Synthetic probes allow to instantly generate synthetic samples on demand, without storing these on the platform. This feature depends on the availability of Live Probing on the platform. The syntax is similar to generating a synthetic dataset, with the notable difference that its return value is already the synthetic data as pandas DataFrame(s).

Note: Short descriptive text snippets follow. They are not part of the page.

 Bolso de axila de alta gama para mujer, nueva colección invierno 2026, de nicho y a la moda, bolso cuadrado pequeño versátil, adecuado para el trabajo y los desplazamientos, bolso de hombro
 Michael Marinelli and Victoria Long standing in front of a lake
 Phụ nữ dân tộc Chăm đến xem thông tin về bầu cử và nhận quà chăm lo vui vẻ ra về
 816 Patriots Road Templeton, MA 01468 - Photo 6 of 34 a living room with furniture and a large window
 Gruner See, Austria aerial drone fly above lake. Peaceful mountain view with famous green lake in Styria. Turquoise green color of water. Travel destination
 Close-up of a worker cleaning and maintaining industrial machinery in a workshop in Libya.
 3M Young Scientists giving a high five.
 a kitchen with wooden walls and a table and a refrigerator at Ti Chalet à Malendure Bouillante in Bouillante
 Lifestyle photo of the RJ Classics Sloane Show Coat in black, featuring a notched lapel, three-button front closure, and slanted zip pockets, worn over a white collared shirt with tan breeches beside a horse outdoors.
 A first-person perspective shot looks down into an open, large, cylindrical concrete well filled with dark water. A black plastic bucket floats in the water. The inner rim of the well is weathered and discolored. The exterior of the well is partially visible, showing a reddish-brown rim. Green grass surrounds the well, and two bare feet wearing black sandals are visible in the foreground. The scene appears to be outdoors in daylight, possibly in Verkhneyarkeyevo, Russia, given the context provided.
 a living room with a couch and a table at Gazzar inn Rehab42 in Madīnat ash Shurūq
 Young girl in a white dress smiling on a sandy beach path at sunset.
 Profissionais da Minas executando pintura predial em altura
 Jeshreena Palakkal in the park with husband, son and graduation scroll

# shorthand syntax for probing for synthetic samples
df = mostly.probe(g, size: int)

# shorthand syntax for conditionally probing for synthetic samples
df = mostly.probe(g, seed: pd.DataFrame)

# probe for synthetic samples
df = mostly.probe(g, config: dict | SyntheticDatasetConfig)

Connectors

Connectors can be used both as a source of original data for training a generator, as well as a destination for delivering the generated synthetic data samples to. Please see our Platform Documentation, respectively our Open API specificiations for the full list of available connectors, and their corresponding configuration parameters.

# create a new connector
c = mostly.connect(config: dict | ConnectorConfig)

# fetch a connector by id
c = mostly.connectors.get(id: str)

# list all locations of a connector
ls = c.locations(prefix: str)

# iterate over all your available connectors
for c in mostly.connectors.list():
    print(c.id, c.name)

# update a connector
c.update(name: str, ...)

# fetch a connector's configuration
config = c.config()

# open a connector in a new browser tab
c.open()

# delete a connector
c.delete()

In order to use a connector as a source, pass its ID as a parameter to the SourceTableConfig:

c = mostly.connect(config={
    "name": "My S3 Source Storage",
    "type": "S3_STORAGE",
    "access_type": "SOURCE",
    "config": {
        "access_key": "INSERT_YOUR_ACCESS_KEY",
    },
    "secrets": {
        "secret_key": "INSERT_YOUR_SECRET_KEY",
    }
})
g = mostly.train(config={
    "name": "US Census Income",
    "tables": [{
        "name": "census",
        "source_connector_id": c.id,
        "location": "s3://bucket/path_to_original"
    }]
})

In order to use a connector as a destination, pass its ID as a parameter to the SourceTableConfig:

c = mostly.connect(config={
    "name": "My S3 Destination Storage",
    "type": "S3_STORAGE",
    "access_type": "DESTINATION",
    "config": {
        "access_key": "INSERT_YOUR_ACCESS_KEY",
    },
    "secrets": {
        "secret_key": "INSERT_YOUR_SECRET_KEY",
    }
})
sd = mostly.generate(g, config={
    "name": "US Census Income",
    "delivery": {
        "destination_connector_id": c.id,
        "location": "s3://bucket/path_to_synthetic"
    }
})

Miscellaneous

# fetch info on your user account
mostly.me()

# fetch info about the platform
mostly.about()

# list all available TABULAR models
mostly.models(model_type='TABULAR')

# list all available LANGUAGE models
mostly.models(model_type='LANGUAGE')

# list all available computes
mostly.computes()